Reviewed by Glenn Erickson


Where Were You in the Summer of '73?

George Lucas' comedy American Graffiti is by far his best-written and most enjoyable picture, and perhaps the only one with a consistent sense of humor. There really is no other movie by anybody that captures the particular 'in between' years after the death of Buddy Holly (an event unknown to me, at age 8) and the arrival of The Beatles, an Earth-shattering event for a kid of 12. In August of 1960 I moved to San Bernardino, California, a car town where the big activity was to find some way, any way, to sneak behind the wheel of a car. When I finally could drive on my own I couldn't take my father's Mustang out on a weekend night -- I'd be challenged to drag race by guys not very different from Bob Falfa, complete with "Ain't he neat?" girl accessories by their sides. San Berdoo was also a big, big AM radio market, with two competing Rock 'n' Roll stations. The airwaves in 1963 overflowed with pop music, almost all of which seemed to be one-of-a-kind novelty songs, each with a different "sound". Although we couldn't receive Wolfman Jack, his legend was present, and the stations we listened to (my favorite was KMEN 129) were highly interactive.

When American Graffiti arrived, I can say that most people my age experienced their first blast of genuine nostalgia. Like Faye Dunaway's Bonnie Parker, we looked at the spectacle on screen and said, "You told my story!" As far as I was concerned, the fun and craziness of Graffiti was my personal experience, which is nonsense. But all that music ran in our blood stream ...

I had heard of Gloria Katz and Willard Huyck, who 7 or 8 years before were star film students. George Lucas turned to them to help sketch the great characters of American Graffiti, something we wish he'd done for more of his later movies, as he can't write dialogue to save his soul. Katz and Huyck were making their own "cheapo horror movie", an overachieving, artsy thriller known as Messiah of Evil. The extras on that disc establish the unpromising circumstances that led to American Graffiti: a director with one rigorous but uncommercial Sci-Fi picture under his belt and writers whose "personal" horror epic was shown almost nowhere. The wonderful, insightful comic characters of American Graffiti are perhaps so perfect because the film's long gestation period gave the writers time to really think everything out. The script was finalized so close to its production date that the studio had no time to screw it up, and Lucas had no opportunity for second-guessing.

The serendipity at work of course extends much farther than the script. Lucas's choice of Techniscope is rescued by Haskell Wexler's pinch-hitting to optimize images filmed in that wild format -- those poor cameramen used all their skill just to keep the actors in focus. Lucas & Co. took the time to cast the film brilliantly -- every kid face in the picture looks wonderful. Perhaps adopting the directing style of his partner- partial mentor Francis Coppola, Lucas kept the shooting loose, allowing the actors as much freedom as possible given the short schedule. The result still looks entirely fresh. We're almost surprised to see rehearsal footage of the actors reciting their lines, as so many of the performances have a "first time through" quality.

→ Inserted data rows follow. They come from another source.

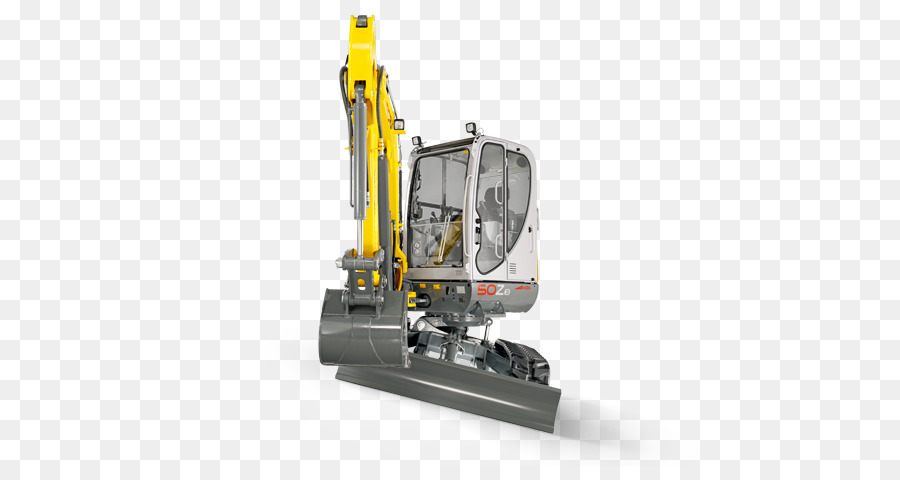 Máquina，Wacker Neuson PNG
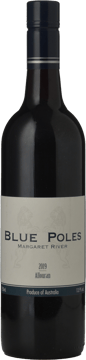 BLUE POLES Allouran Cabernet Franc Merlot, Margaret River 2019 Bottle image number 0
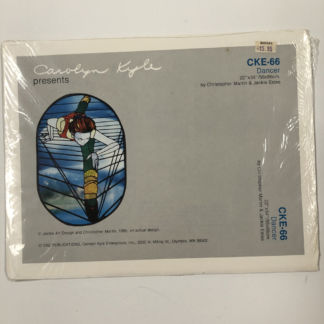 CKE 66 Pattern -Dancer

I've heard complaints that the movie looks too "fifties" to be 1962, which is nonsense -- before the homogenization of media, the youth culture of every American town was at a different evolutionary stage. There were guys with ducktail hairdos and cigarettes in the sleeves of their tight T-shirts all the way into the '70s (although I avoided them!). A big surprise of American Graffiti was that somebody got those kids to cut their hair and learn to dance the way they might in '62. That was when it wasn't criminally uncool to go to a dance to actually dance, and having fun was the point even if the best you could do was a spastic twist imitation. Girls did dance in their socks, and girls too secure to be intimidated danced with girls -- often the only good dancer available was another girl. We were hugely grateful for ANY band that could play hit songs and make lots of noise -- no arbiters of taste griped at the playlist or told us that the musicians were incompetent. I wouldn't have known anyway. This was all part of the innocence.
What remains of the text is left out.